Таким образом, кажется, вопрос кем является девочка в шляпе решен удовлетворительно. Конечно, кто знает, какие еще неожиданности могут возникнуть в дальнейшем, но внутреннее чутье подсказывает, что, вероятно, на этот раз ошибки не произошло.
Удалось решить вопрос и о происхождении картины. На ее подрамнике оказалась слабая карандашная надпись, представлявшая собой адрес. По-видимому, она была написана либо лицом, продавшим картину, для удобства ее доставки покупателю, либо с той же целью реставратором, вероятно, отправлявшим ее владельцу со своим подручным. Никакой фамилии при этом адресе не было. Взяв дореволюционный справочник «Весь Петербург», я убедилась, что данный адрес принадлежал барону Д. Г. Гинзбургу, одному из известных любителей искусства. У Д. Г. Гинзбурга не было коллекции живописи в полном смысле этого слова, но, обладая вкусом и средствами, он приобретал отдельные понравившиеся ему картины. Где он приобрел «Девочку в шляпе», выяснить не удалось.

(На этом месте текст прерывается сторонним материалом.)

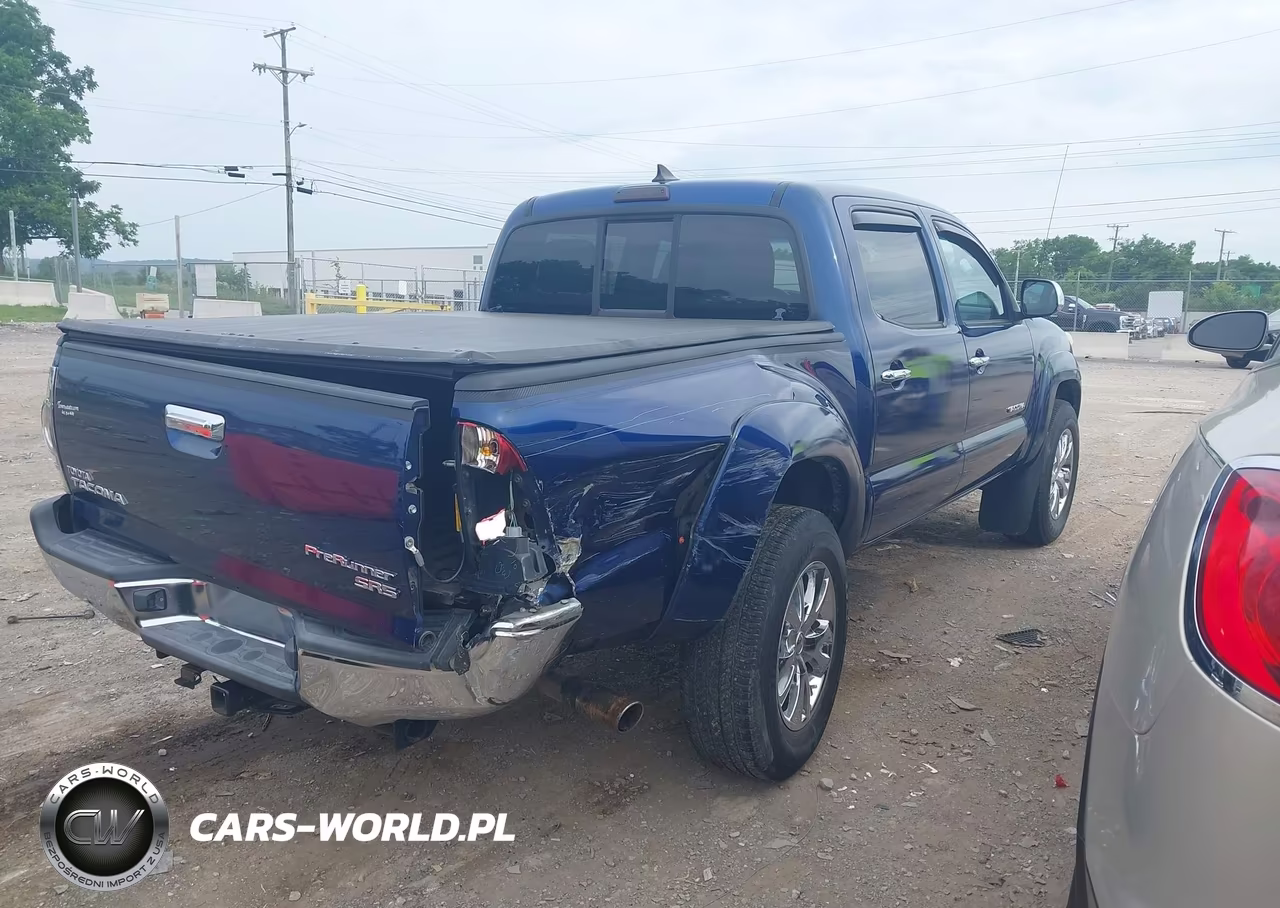 2015 Toyota Tacoma Prerunner VIN:5TFJX4GN8FX042196 - 4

Но все же одна проблема, относящаяся к портрету, так и осталась неразрешенной. Ведь, если существуют две совершенно одинаковые картины, ясно, что одна из них - подлинник, вторая - авторское повторение или копия какого-нибудь другого художника. Ясно по качеству нашей картины, что она - не копия, но вот который экземпляр - наш, или принадлежащий князю Югославскому, - является основным, первым, который - повторением, решить, не видя второй картины и не исследовав ее, я не могу. Вуаля часто просили сделать собственноручные повторения его произведений, а также нередко копировали. Особенно часто это происходило в больших семьях, где портрет повторялся для родителей или для других, желающих его иметь родственников.

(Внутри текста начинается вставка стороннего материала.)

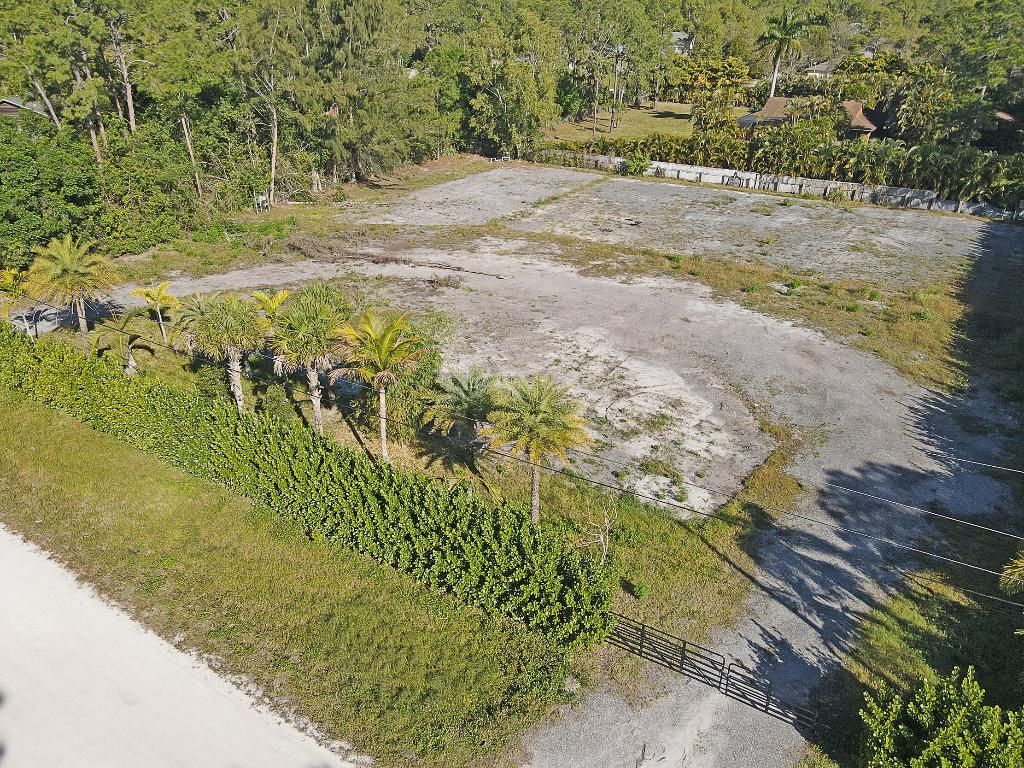 Photo of 17955 40th Run N, Loxahatchee, FL 33470 (MLS # R10966317)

Как будто все, что касается «Девочки в шляпе», мной рассказано. Большего я не знаю о ней и сама, но еще в начале повествования я предупредила, что до поры до времени откладываю разбор небезынтересной темы - а почему английский каталог игнорирует нашу картину и ее атрибуцию? Попытаюсь сформулировать свои предположения на этот счет, тем более, что они, как мне кажется, подтвердят мое мнение о факторах, мешающих существованию портрета. С моей точки зрения, в данном случае налицо нежелание нарушать традиционное определение картины. Чтобы читателю было ясно, что я хочу этим сказать, придется, как это ни странно, немного разобраться в родословной князя Югославского, владельца лондонской картины. Его мать происходила из семьи Демидовых. Картина находилась в собрании, принадлежащем этому дому (собрание семейных портретов Демидовых, вилла Пратолино, около Флоренции). Если вы помните, Елизавета Строганова, о которой пишет английский каталог, в замужестве - Демидова. Она была младшей сестрой той самой Екатерины, которую мы узнали в портрете «Девочки в шляпе». Ничего удивительного нет в том, что в собрании Елизаветы Демидовой был портрет старшей сестры. Со временем в собрании Демидовых забылось, кого из сестер Строгановых изображал детский портрет. Имя старшей сестры заступило имя младшей, как более известное и близкое, как имя представительницы семьи Демидовых. Теперешние владельцы, вероятно, самым искренним образом убеждены, что владеют портретом прабабки, а вовсе не ее старшей сестры.
Имя Виже-Лебрен возникло опять же из смутных семейных воспоминаний, что она, якобы, писала портрет Елизаветы Александровны. Поскольку истинный портрет Виже был в других руках, в далекой России, то имя Виже механически перенесено на имеющийся. Никому в голову не пришло проверить по мемуарам и документам - так ли это.
Другое дело с нашими английскими коллегами. Они шли по проторенному раз навсегда пути - не спорить об атрибуциях с владельцами, дающими на выставку картины, особенно с «сиятельными»; есть аналогичная картина Вуаля в Эрмитаже, ну и ладно. Ведь в Западной Европе и особенно в Америке вопрос атрибуции решается следующим образом. Будет эксперт спорить с владельцами картин - никто его не пригласит делать научный каталог частной коллекции, что является золотым дном в прямом смысле слова, или быть составителем выставки. Так зачем же зря портить отношения из-за какого-то давно умершего художника, написавшего портрет давно умершей дамы?